You are my sunshine, my only sunshine. / You make me happy when skies are grey. / You’ll never know, dear, how much I love you.

So far, so good, but then the hammer drops:

Please don’t take my sunshine away.

“Whoa,” I used to think when we sang that song. “Where did that come from? What did the songwriter know that we don’t know?”

The combination of the plaintive melody and the sudden implication that catastrophe looms ahead seemed out of place in my Howdy Doody, Lincoln Logs world.

The verses were even more disturbing.

In the first one, we found ourselves singing in our flutey little voices about someone fantasizing about sleeping with a lover.

The other night, dear, as I lay sleeping / I dreamt I held you in my arms.

But any stimulation our young psyches derived from this image was quickly dispelled:

When I awoke, dear, I was mistaken / so I hung my head and cried.

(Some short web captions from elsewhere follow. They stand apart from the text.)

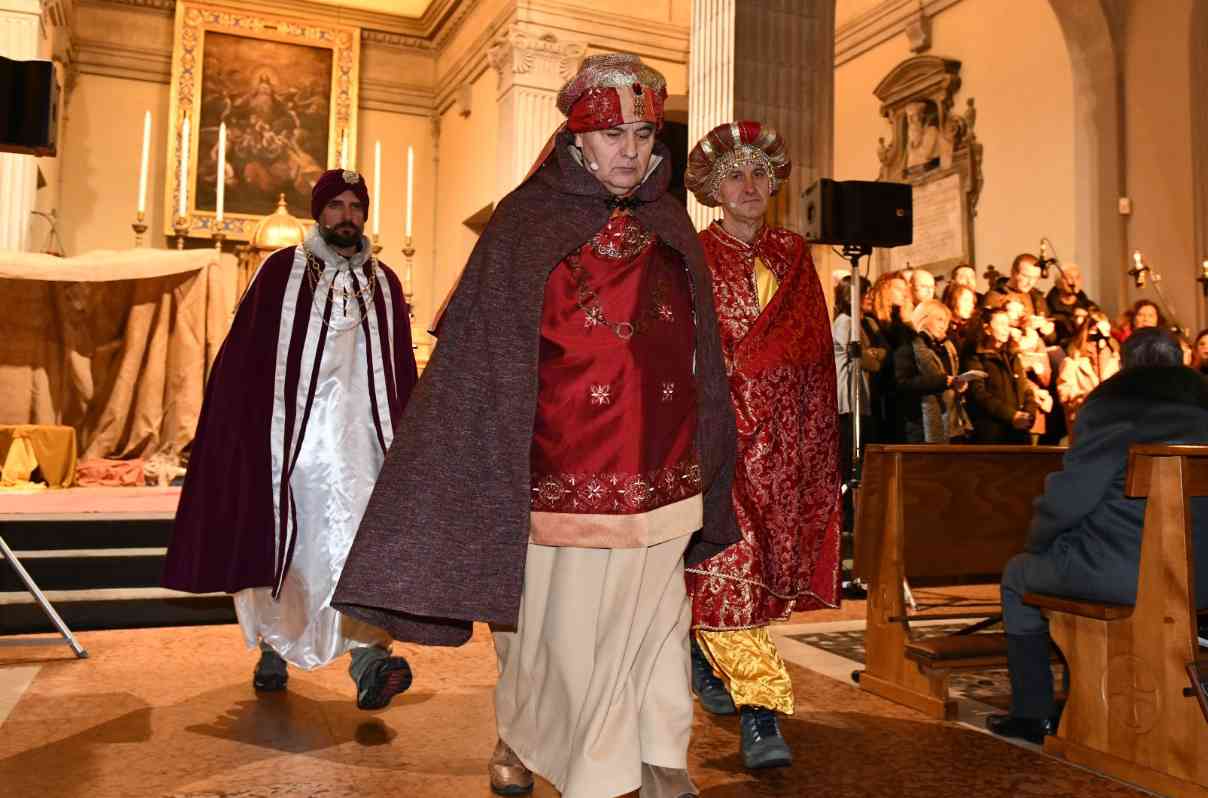 Img BCC24011 Re Magi Dozza Consegna Regali Doni Presepe 6 Gennaio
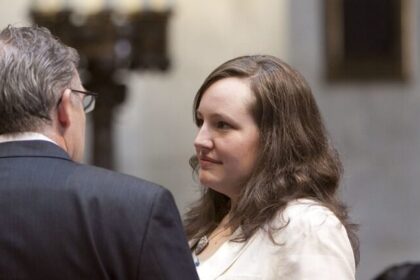 Senadora Kelda Roys lança pré-candidatura ao governo de Wisconsin e promete enfrentar “extremistas” 20 ocrente 1757960548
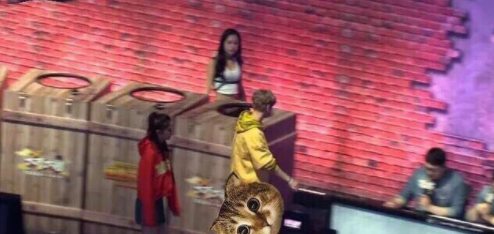 鹿晗关晓彤首次同台组合吃鸡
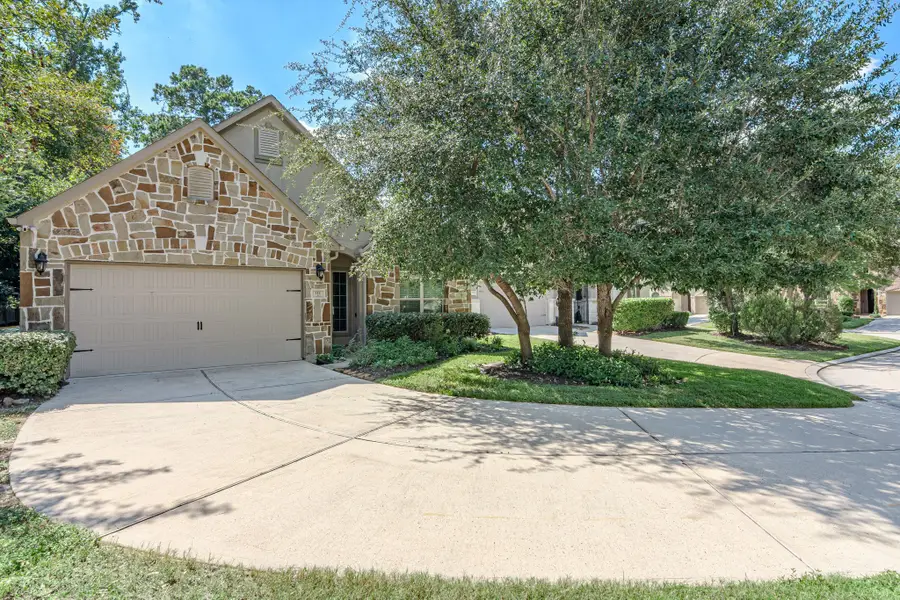 112 Sundown Ridge Place, The Woodlands, TX 77375 - Image #3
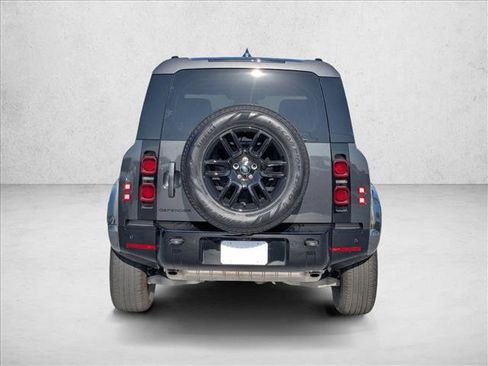 Used 2024 Land Rover Defender 110 X-Dynamic SE AWD/4WD image 6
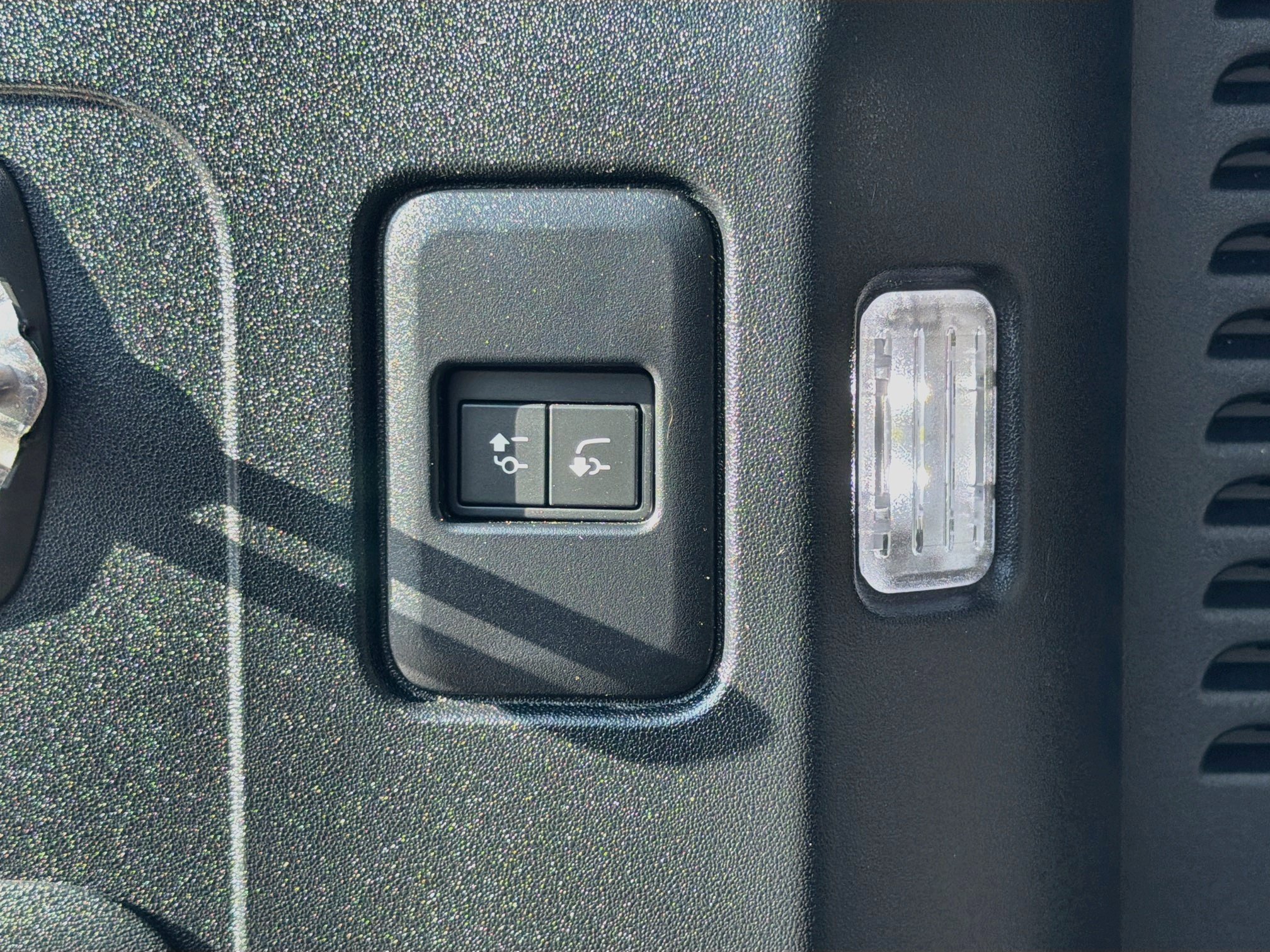 Used 2023 Land Rover Defender 130 X-Dynamic SE AWD/4WD image 47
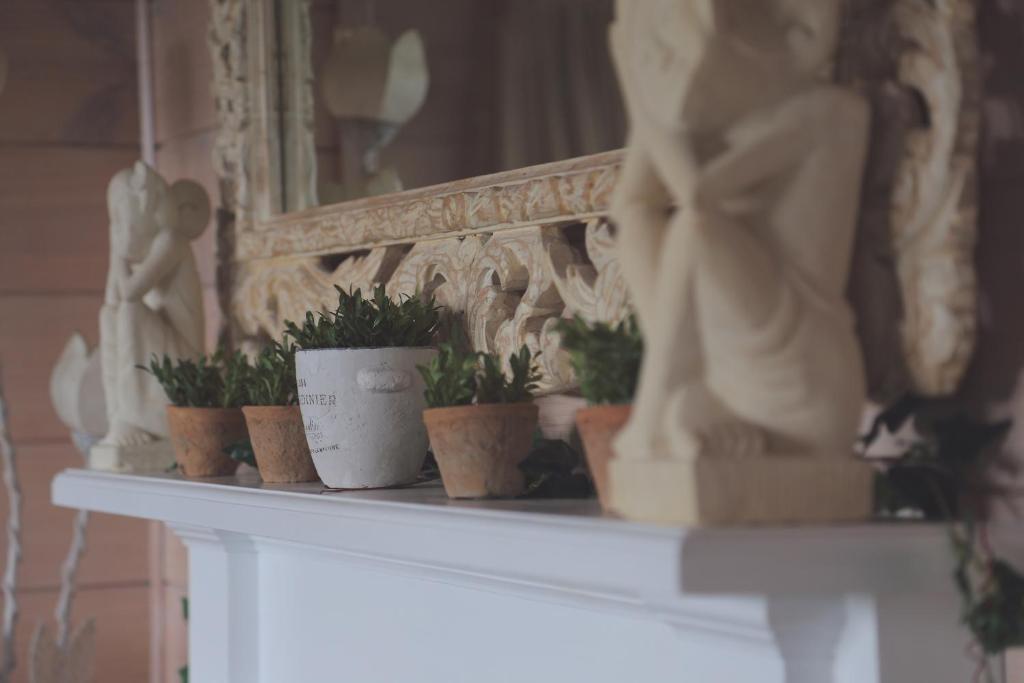 Two Bare Feet - Resim 12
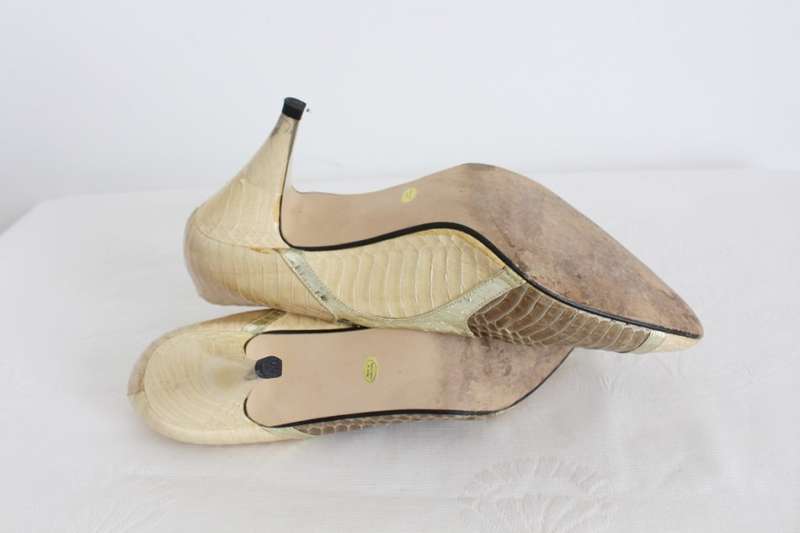 *J RENEE* DESIGNER GENUINE SNAKE SKIN CREAM GOLD HEELS SHOES - SIZE 8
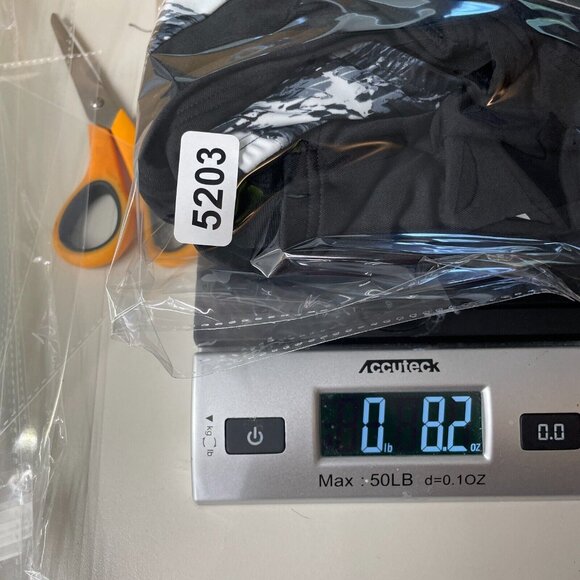 TYR Swimwear Womens 8 Black White‎ Halter Full Coverage One Piece Comp New - Picture 9 of 11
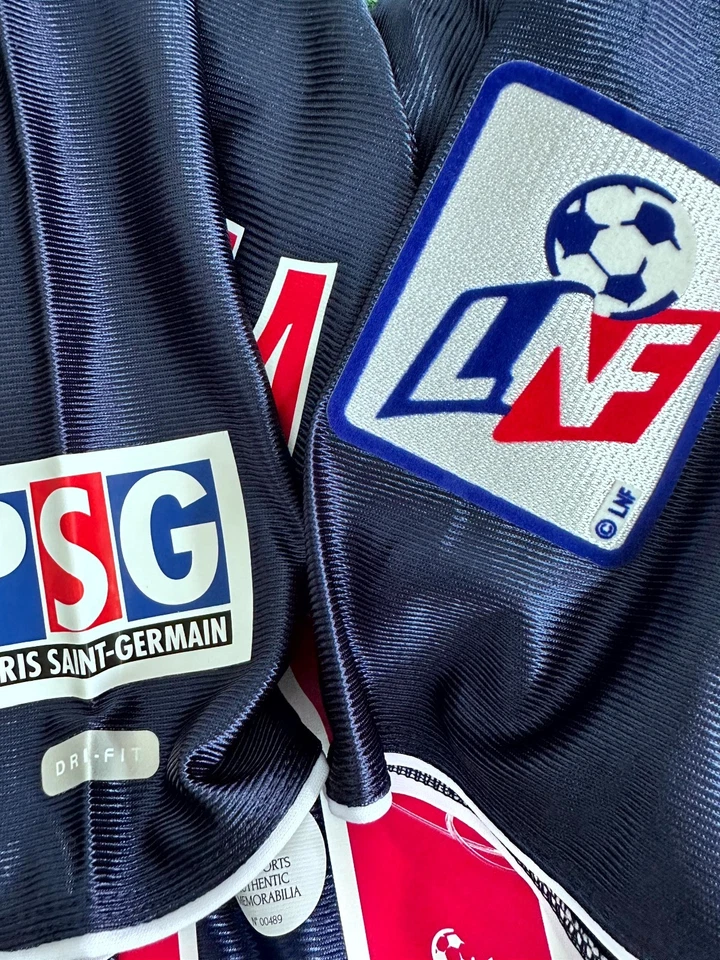 Camiseta Psg Ronaldinho Réplica Autografiada No Match Worn - Imagen 3 de 4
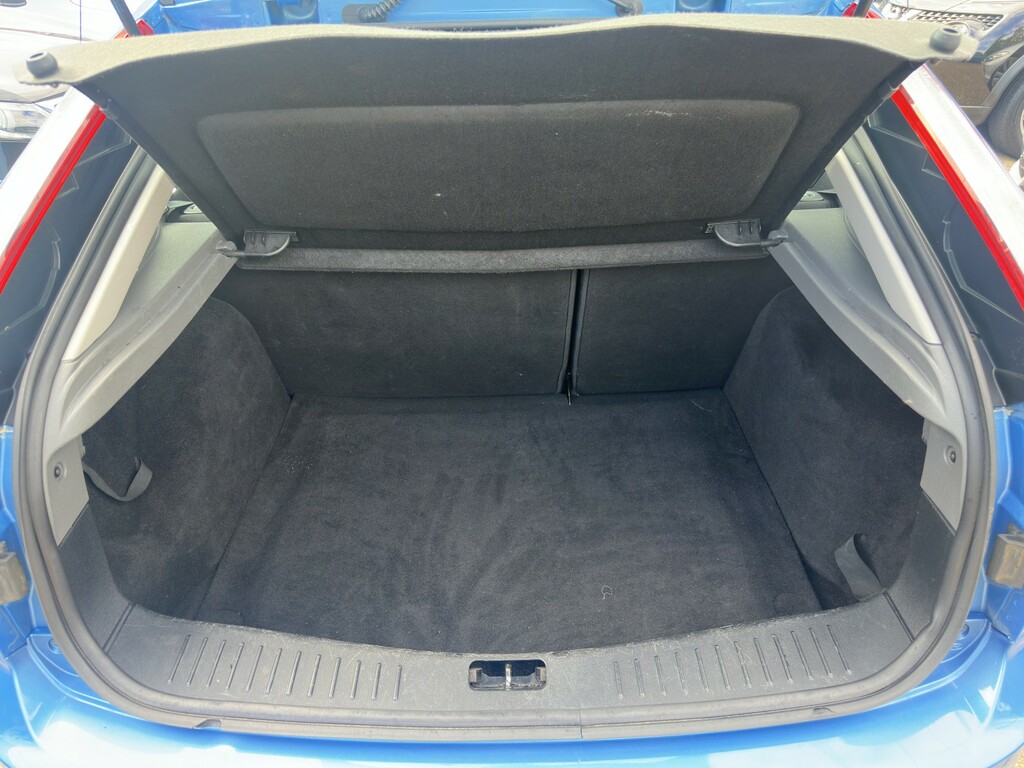 Ford Focus 1.6L Zetec 100 Bhp Blue #14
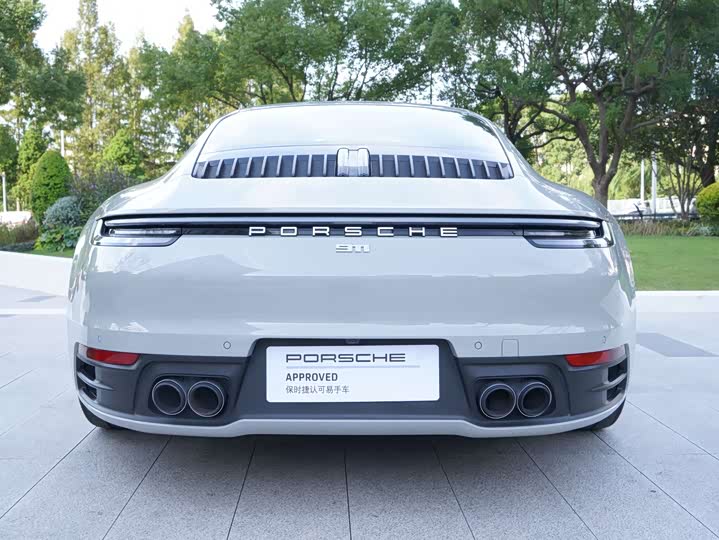 Фото 18 - Porsche 911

Clearly, we were not dealing with “April Showers” or “Yankee Doodle.” We knew that before we got to the second verse, it’s dark threat:

I will always love you and make you happy / if you will only say the same. / But if you leave me to love another / you will regret it all one day.

It sounds like the last scene of I Pagliacci. The only thing missing is the knife.

The denouement comes in the third verse, and it isn’t pretty:

You told me once dear, you really loved me / and no one else dear, could come between. / But now you’ve left me and love another. / You have shattered all my dreams.

Jimmie_Davis (2)

 

“You Are My Sunshine” was recorded on February 5, 1940 by Jimmy Davis and Charles Mitchell. It is, in fact, the most recent state song of Louisiana, so designated in 1977 by a legislature that apparently hadn’t read the lyrics. I say “the most recent state song” because Louisiana adopted two “official state songs” before this one, and it has at least three other “official songs” for specific purposes. The action in 1977 was based largely on the fact that Jimmy Davis had served as governor of Louisiana from 1960 to 1964.

But before the Davis-Mitchell recording, two other versions of the song were cut in 1939—one by the Pine Ridge Boys (Marvin Taylor and Doug Spivey) on August 22 and one by The Rice Brothers Gang on September 13.

When Davis ran for governor in 1944, he often appeared during his campaign riding on a horse named Sunshine and singing this song.

Although Davis or Davis and Mitchell together are usually given credit for writing the song, it appears that Davis actually bought the rights to it from Paul Rice (of the Rice Brothers). Davis took credit for the tune, but never claimed to have written it.

Although it was an odd choice for us kids, “You Are My Sunshine” played an important in the evolution of American popular music. The Jimmy Davis version was popular enough that it made the country sound attractive to people who normally would have ignored it. In 1940, the song was covered four times, including by cowboy singer Gene Autry, but also by Bing Crosby and Lawrence Welk, so that the crossover occurred almost immediately. Among those who have covered it since then are Nat “King ” Cole, Johnny Cash and June Carter, Ray Charles, Ike and Tina Turner, Aretha Franklin, and Mtume.